Retype, word for word, the line holding "Used 2022 Toyota" and every line below it to the end of the listing. Leave out the pictures.

▸ **RECORDED DATA**

####

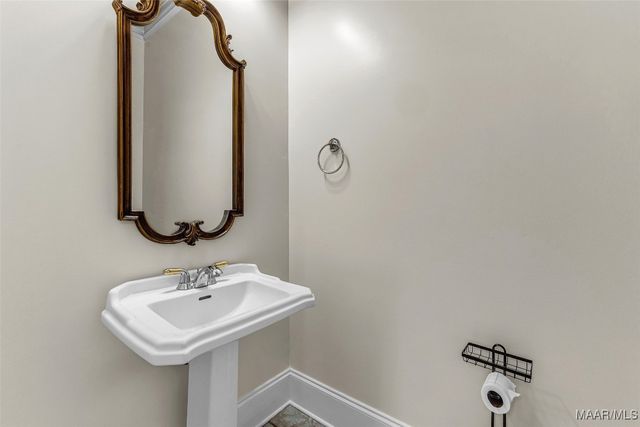 8125 Glynnwood Drive, Montgomery, AL 36117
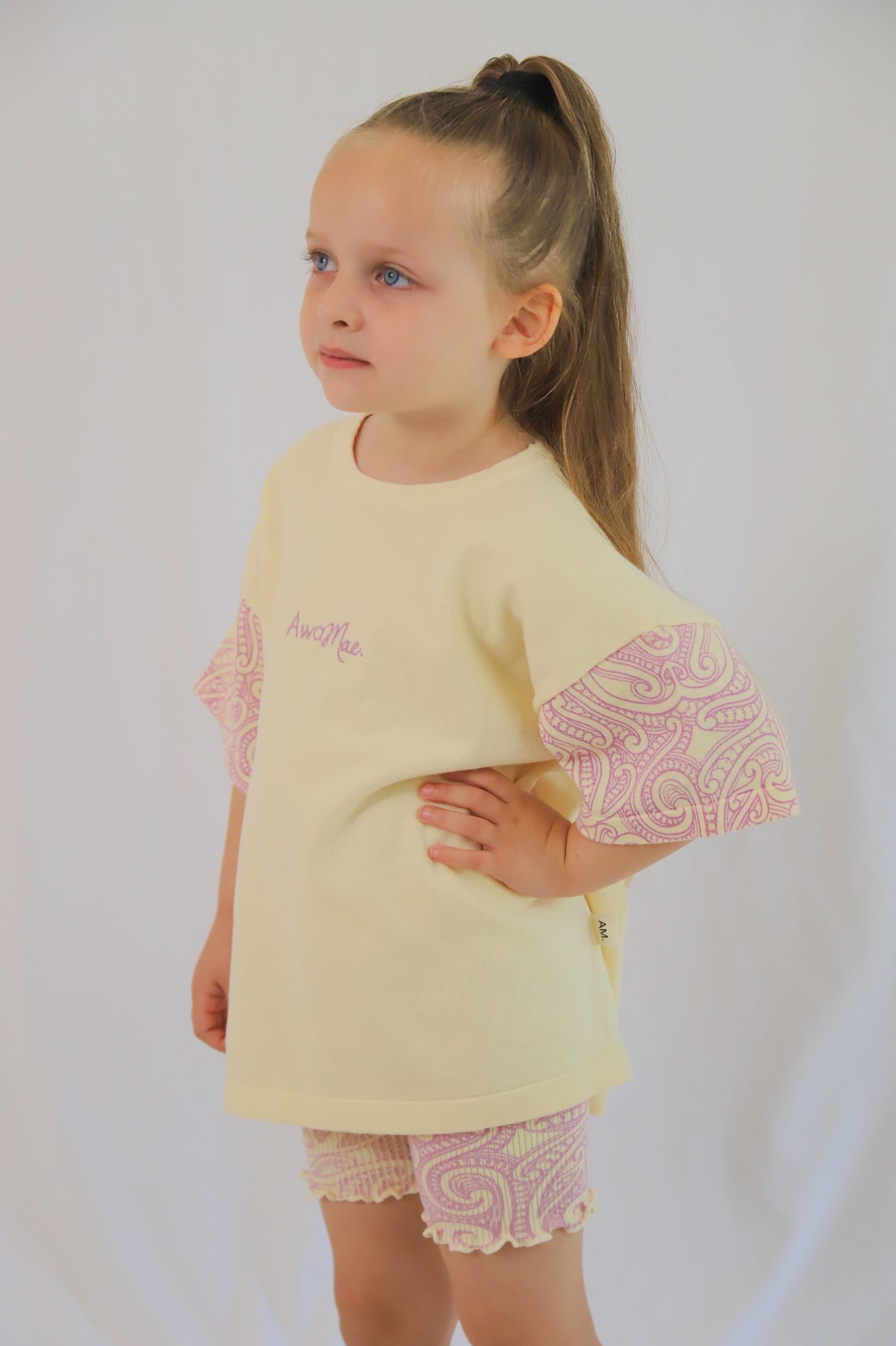Basics knitted oversized tee - The wolf -  Dahlia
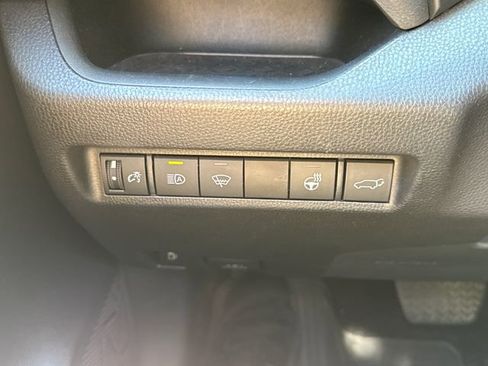 Used 2022 Toyota RAV4 XSE w/ XSE Grade Weather Package AWD/4WD image 34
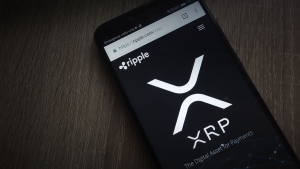 XRP Absorbs $1.1 Million in Fund Flows as Investors Bet on Ripple Side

####

▸ **EXERCISE RESULT**
 Used 2022 Toyota RAV4 XSE w/ XSE Grade Weather Package AWD/4WD image 34
 XRP Absorbs $1.1 Million in Fund Flows as Investors Bet on Ripple Side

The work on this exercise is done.